‘Greenwood doesn't need any false modesty when it comes to his classical pieces. His 48 Responses… is a dazzlingly imaginative, gripping and novel work, full stop.' The Guardian

Jonny Greenwood (b.1971) is best known as the lead guitarist of the band Radiohead whom he joined whilst still at school.  He started to study psychology and music at Oxford Brookes University, but only finished his first term before leaving to sign a six-album deal with EMI, and start his recording career with Radiohead.  Radiohead have realised phenomenal success over the past decade, with multi-platinum album sales and an ever growing worldwide following.
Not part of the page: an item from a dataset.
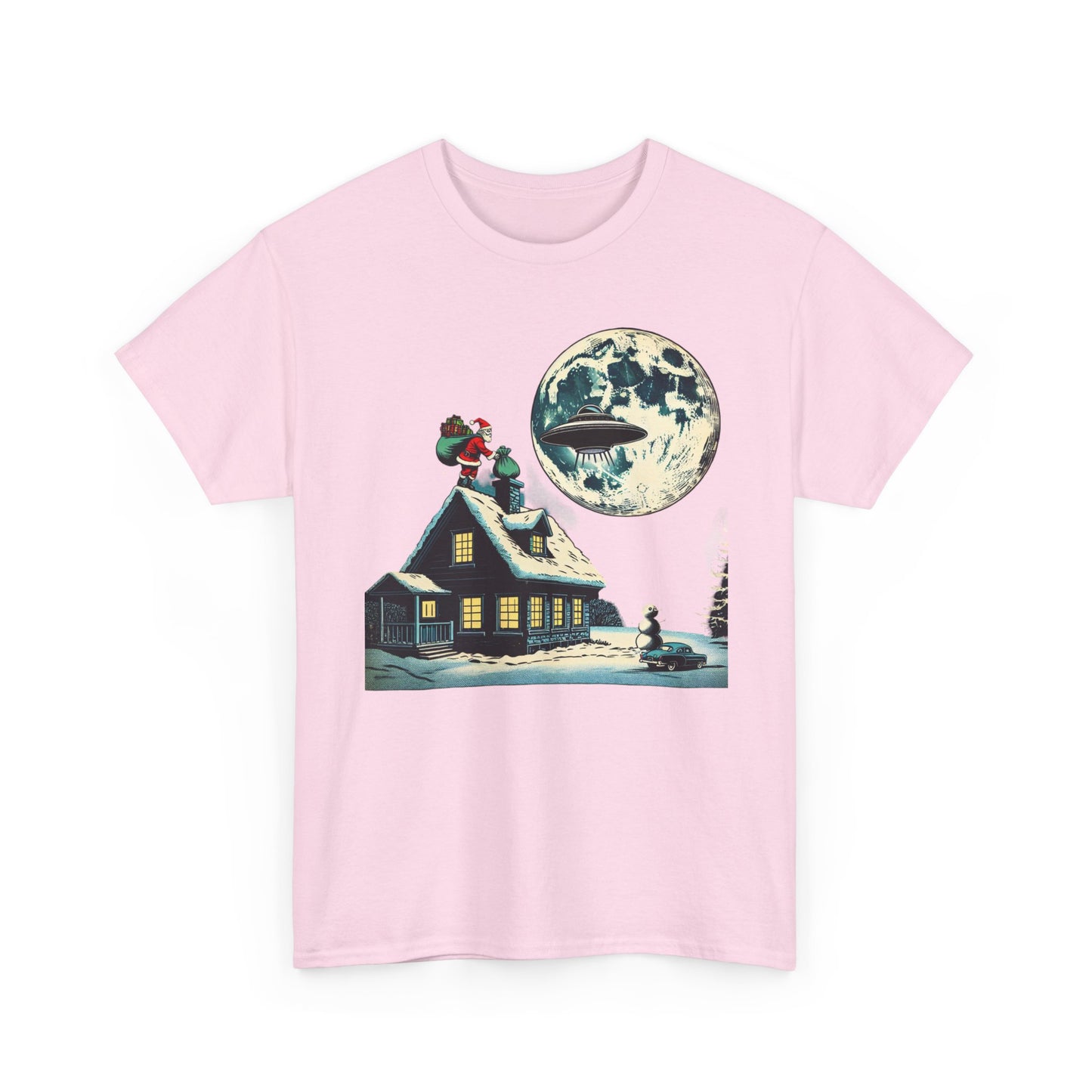 Christmas Santa UFO, Unisex Tee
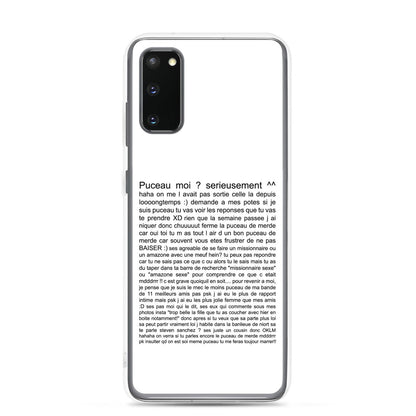 Coque Samsung Puceau moi on me l'avait pas sorti depuis longtemps - Sedurro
Greenwood is no stranger to classical music, though.  His musical interests included Messiaen and Ligeti and he started out as a viola player.  He plays several other instruments too, including piano, recorder and harmonica, and has a particular love for the ondes martenot.  To date Greenwood has penned a number of “classical” works: smear (two ondes martenots and ensemble), Popcorn Superhet Receiver (string orchestra) Doghouse (string trio and large orchestra) and 48 Responses to Polymorphia (48 strings), Water (chamber orchestra) and Horror vacui (solo violing and 68 strings).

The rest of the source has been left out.